9. Invert the vial completely, and SLOWLY withdraw the entire content of the suspension from the vial into the syringe. Tear the section of the vial label at the perforation, and apply the detached label to the syringe for identification purposes.
   
10. While holding the white collar of the syringe, unscrew the syringe from the SmartSite^® Needle-Free Vial Access Device. Discard both the vial and the vial access device appropriately.
    
11. Select the appropriate needle provided with the kit:
    
    For GLUTEAL injection, select the 20G TW 2-inch needle (longer needle with yellow colored hub in blister with yellow print).
    
    For DELTOID injection, select the 21G UTW 1-inch needle (shorter needle with green colored hub in blister with green print).
12. Peel the blister pouch of the Needle-Pro^® safety device open halfway. Grasp the transparent needle sheath using the plastic peel pouch. To prevent contamination, be careful not to touch the orange Needle-Pro^® safety device’s luer connector. While holding the white collar of the syringe, attach the luer connection of the orange Needle-Pro^® safety device to the syringe with an easy clockwise twisting motion.
    
13. While continuing to hold the white collar of the syringe, grasp the transparent needle sheath and seat the needle firmly on the orange Needle-Pro^® safety device with a push and a clockwise twist. Seating the needle is an important step to secure the connection between the needle and the orange Needle-Pro^® safety device.
    
14. RESUSPENSION OF RISPERDAL^® CONSTA^® WILL BE NECESSARY PRIOR TO ADMINISTRATION, AS SETTLING WILL OCCUR OVER TIME ONCE PRODUCT IS RECONSTITUTED. RESUSPEND THE MICROSPHERES IN THE SYRINGE BY SHAKING VIGOROUSLY.
15. While holding the white collar of the syringe, pull the transparent needle sheath straight away from the needle. DO NOT TWIST the sheath, as the luer connections may be loosened.
    
16. Tap the syringe gently to make any air bubbles rise to the top. Remove air in syringe by depressing the plunger rod, carefully and slowly, while holding the needle in an upright position. Inject the entire contents of the syringe intramuscularly (IM) into the selected gluteal or deltoid muscle of the patient immediately. Gluteal injection should be made into the upper-outer quadrant of the gluteal area. DO NOT ADMINISTER INTRAVENOUSLY.
    
    
    

    WARNING: To avoid a needle stick injury with a contaminated needle:

    • Do not use free hand to press the Needle-Pro^® safety device over the needle.
    • Do not intentionally disengage the Needle-Pro^® safety device.
    • Do not attempt to straighten the needle or engage the Needle-Pro^® safety device if the needle is bent or damaged.
    • Do not mishandle the Needle-Pro^® safety device, as it may cause the needle to protrude from the Needle-Pro^® safety device.
17. After the injection is complete, press the needle into the orange Needle-Pro^® safety device using a one-handed technique. Perform a one-handed technique by GENTLY pressing the orange Needle-Pro^® safety device against a flat surface. AS THE ORANGE NEEDLE-PRO^® SAFETY DEVICE IS PRESSED, THE NEEDLE WILL FIRMLY ENGAGE INTO THE ORANGE NEEDLE-PRO^® SAFETY DEVICE. Visually confirm that the needle is fully engaged into the orange Needle-Pro^® safety device before discarding. Discard needle appropriately. Also discard the other (unused) needle provided in the dose pack.
    

    

Stability after reconstitution: Once in suspension, the product may remain at room temperature (do not expose to temperatures above 77ºF (25ºC)). RISPERDAL^® CONSTA^® must be used within 6 hours of suspension, but should always be resuspended prior to administration if not used immediately.

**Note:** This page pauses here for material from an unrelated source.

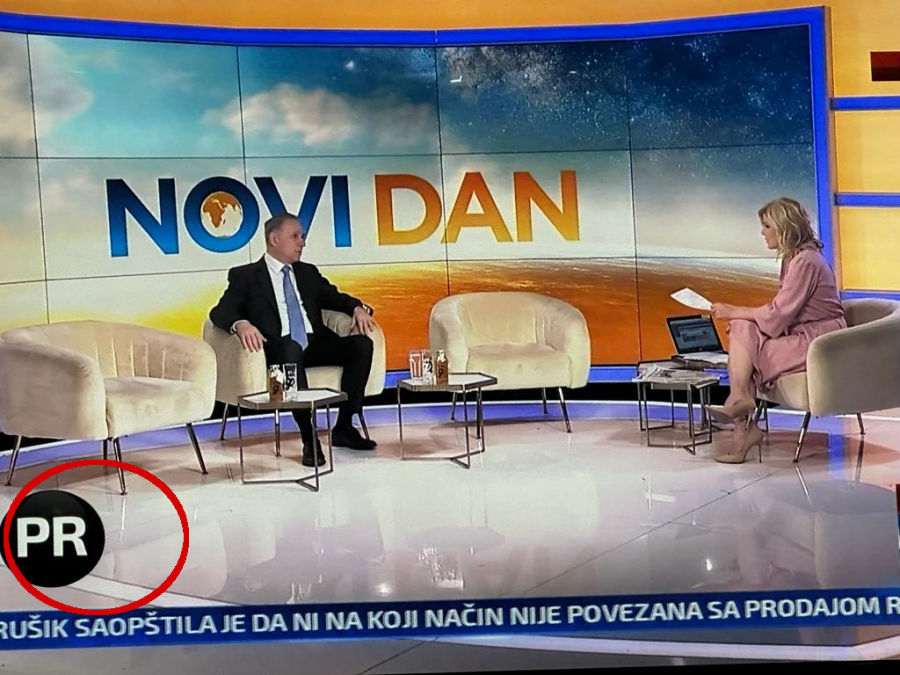 ISPOD DNA Ponoš u plaćenom terminu na N1!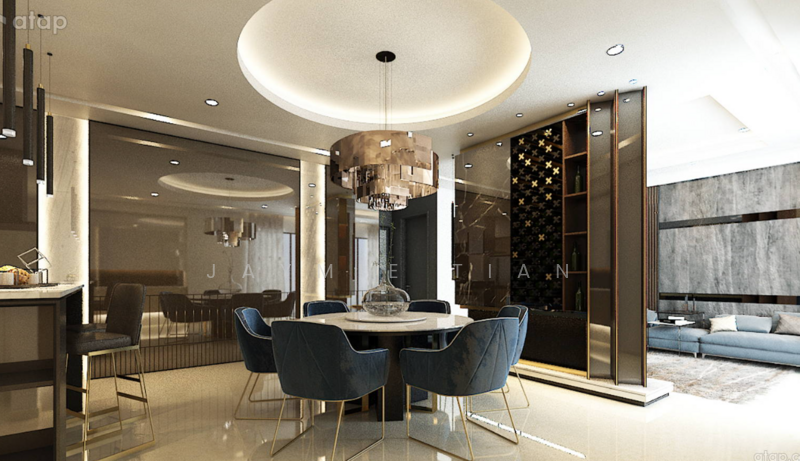 Untuk Dijual - READY MOVE IN NOW!!! 70% FURNISHED + BELOW MARKET PRICE 20%!!! NEAR LRT, PET-FRIENDLY, LOW DENSITY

Parenteral drug products should be inspected visually for particulate matter and discoloration prior to administration, whenever solution and container permit.

Do Not Reuse: Medical devices require specific material characteristics to perform as intended. These characteristics have been verified for single use only. Any attempt to reprocess the device for subsequent reuse may adversely affect the integrity of the device or lead to deterioration in performance.